Senior SRE Engineer

Underneath the Mox platform is a large-scale, microservice-based cloud architecture that facilitates performance, reliability, and scalability of our products. Mox SRE team is responsible for the observability, availability, reliability of the Mox platform. We are looking for motivated individuals to support, automate, and improve Mox’s infrastructure using the latest technology.

  • Serve as a steward of Mox production environment through providing oncall support, incident response, collaborative debugging, blameless post-mortems, and SRE best practices.
  • Provide monitoring of service availability, latency, and overall system health.
  • Implement systemic improvements to reliability and operational excellence.
  • Codify and rollout shared tooling and process to enable development teams to stay agile while improving system availability, performance, and maintainability.

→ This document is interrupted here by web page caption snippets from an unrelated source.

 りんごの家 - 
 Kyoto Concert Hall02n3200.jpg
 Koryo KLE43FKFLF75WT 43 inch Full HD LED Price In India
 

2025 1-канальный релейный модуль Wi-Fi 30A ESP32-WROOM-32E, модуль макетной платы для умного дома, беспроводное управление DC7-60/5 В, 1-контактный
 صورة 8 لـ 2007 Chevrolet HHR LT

  • Collaborate with engineers in peer teams to develop reliability solutions that work effectively in the Mox ecosystem.

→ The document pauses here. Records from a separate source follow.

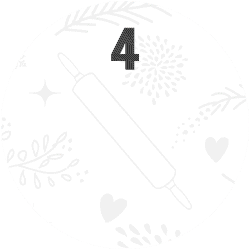 Online Adventskalender Türchen 4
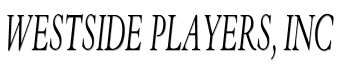 Westside Players, Inc
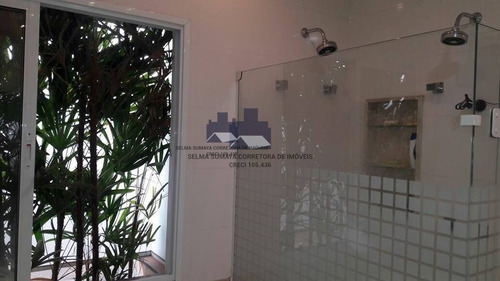 Casa-em-condominio-para-venda-em-parque-residencial-damha-iii-sao-jose-do-rio-preto-sp - 2017435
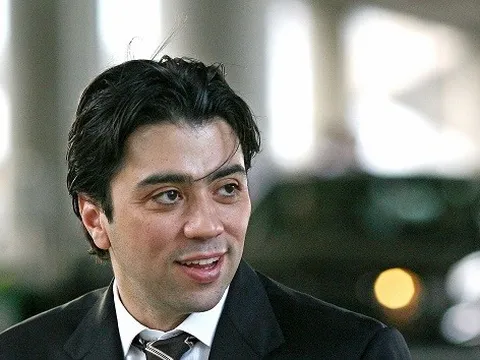 Siêu cò đứng ra dàn xếp, Arsenal sắp có tân binh 37,5 triệu bảng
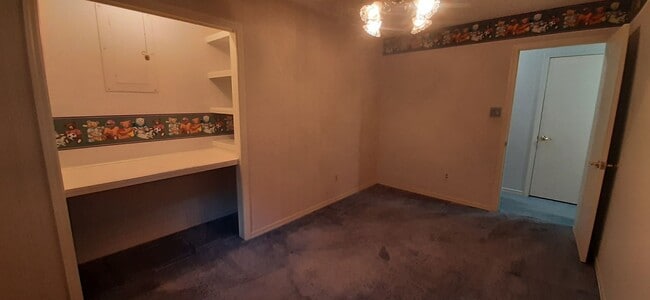 Building Photo - 132 Dunn Hollow Dr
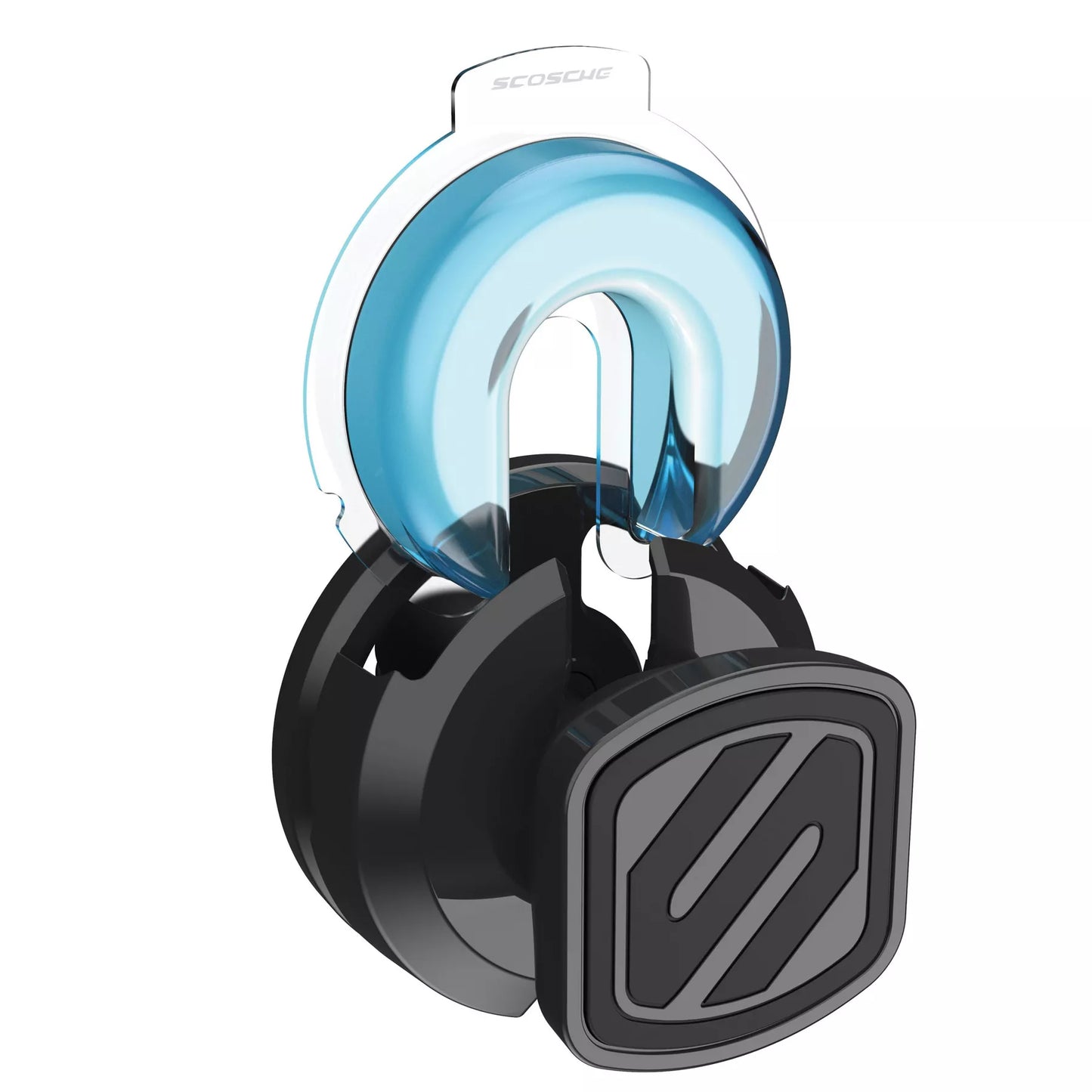 Scosche 2pk Air Freshener - Curacao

  • Bachelor’s degree or equivalent practical experiences
  • 5 years of professional experiences in a reliability engineering or system engineering.
  • Demonstrate understandings in fundamentals of OS, networking, distributed computing, and cloud computing.
  • Recent experiences with Terraform/Ansible on cloud provisioning
  • Strong scripting skills -- Python, Bash
  • Strong knowledge of Linux/UNIX environment
  • Experiences participating in an on-call rotation
  • Experiences working with Cloud environments such as AWS
  • Understanding on DevOps toolchain: GitHub, CircleCI, Artifactory
  • Mindset for automation and continuously improving the infrastructure
  • Strong communication and collaboration skills